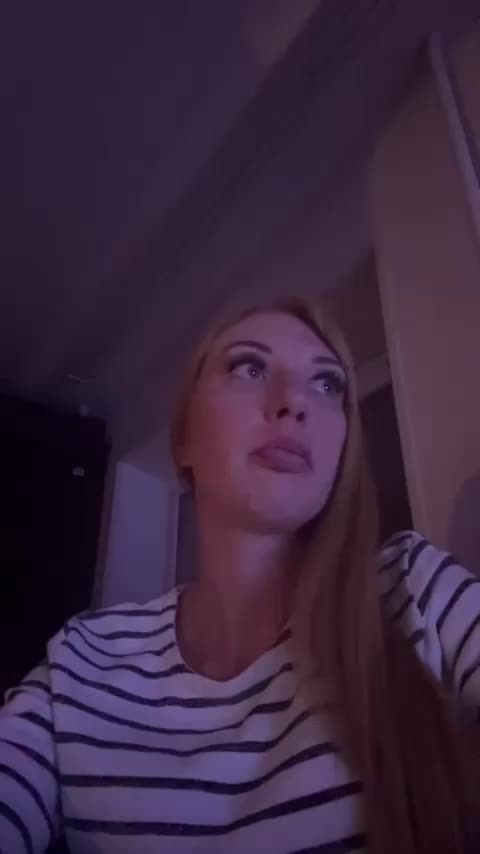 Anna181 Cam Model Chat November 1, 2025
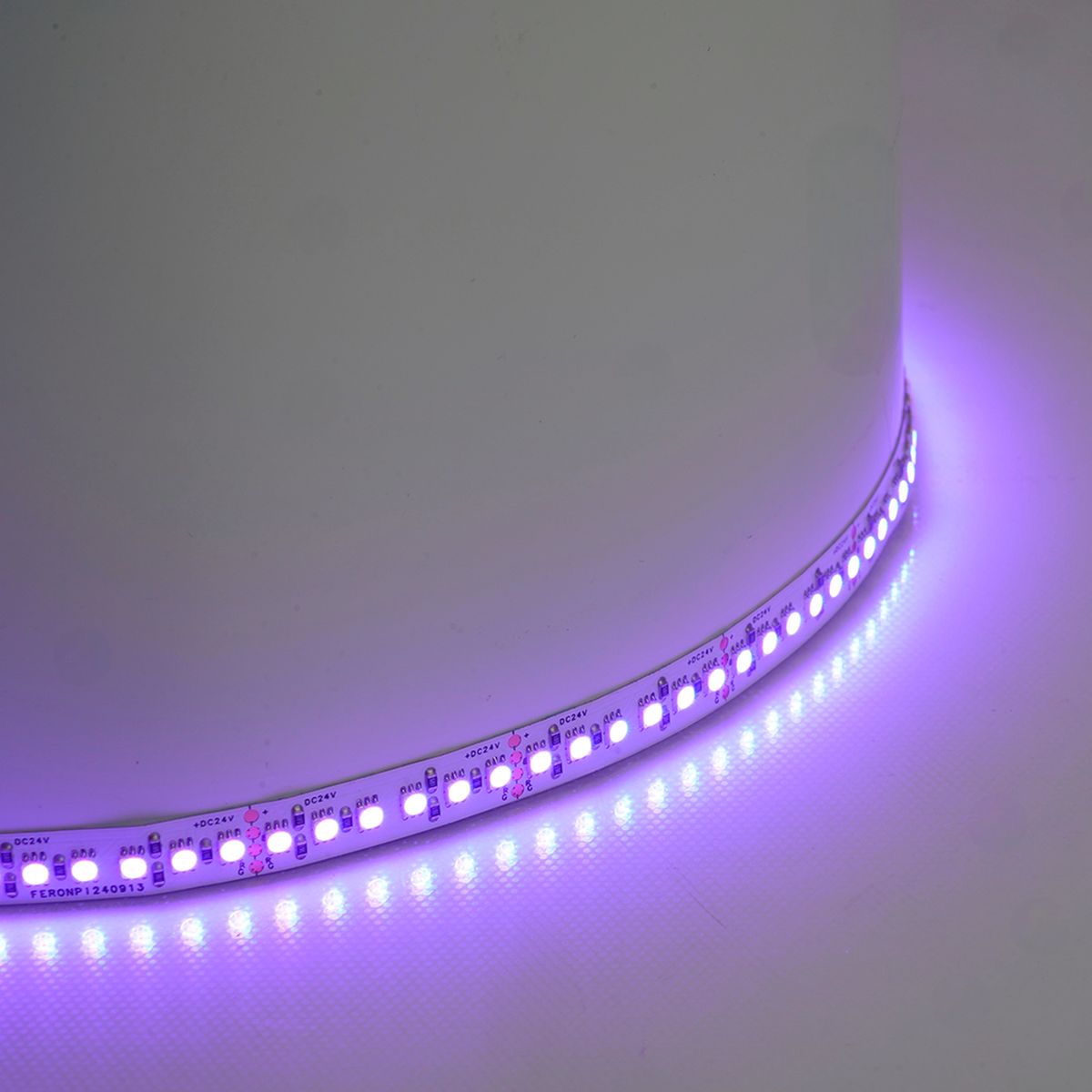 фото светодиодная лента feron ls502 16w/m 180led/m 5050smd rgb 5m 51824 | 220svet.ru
###
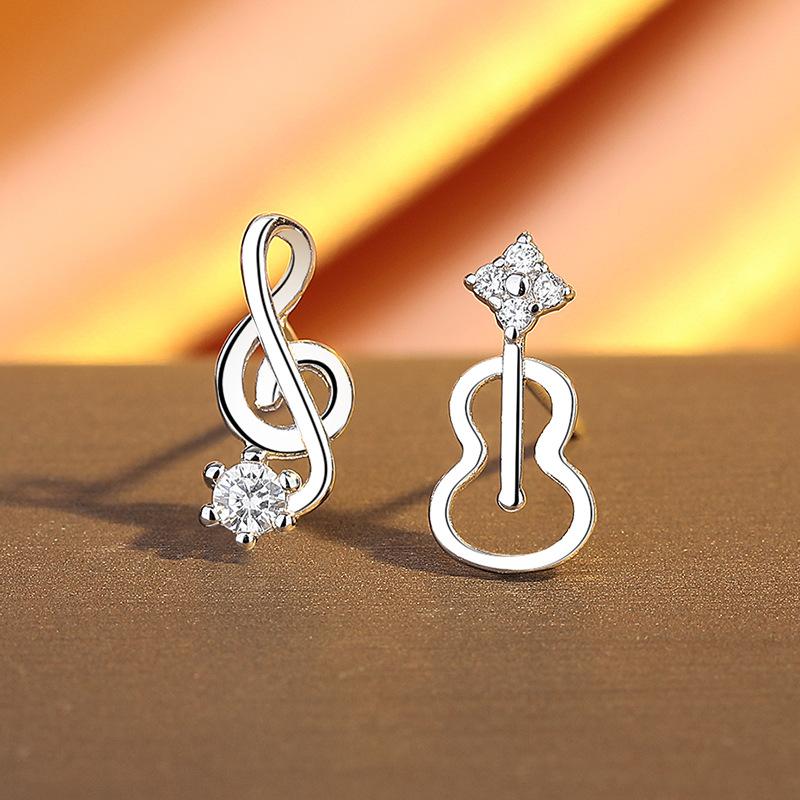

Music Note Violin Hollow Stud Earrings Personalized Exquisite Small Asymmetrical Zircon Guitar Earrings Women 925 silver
###
### What the task requires
Retype, exactly and with no pictures, everything above from the line with "Anna181 Cam Model Chat November 1, 2025" down to the line with "фото светодиодная лента", both included.

### Result
 Anna181 Cam Model Chat November 1, 2025
 фото светодиодная лента feron ls502 16w/m 180led/m 5050smd rgb 5m 51824 | 220svet.ru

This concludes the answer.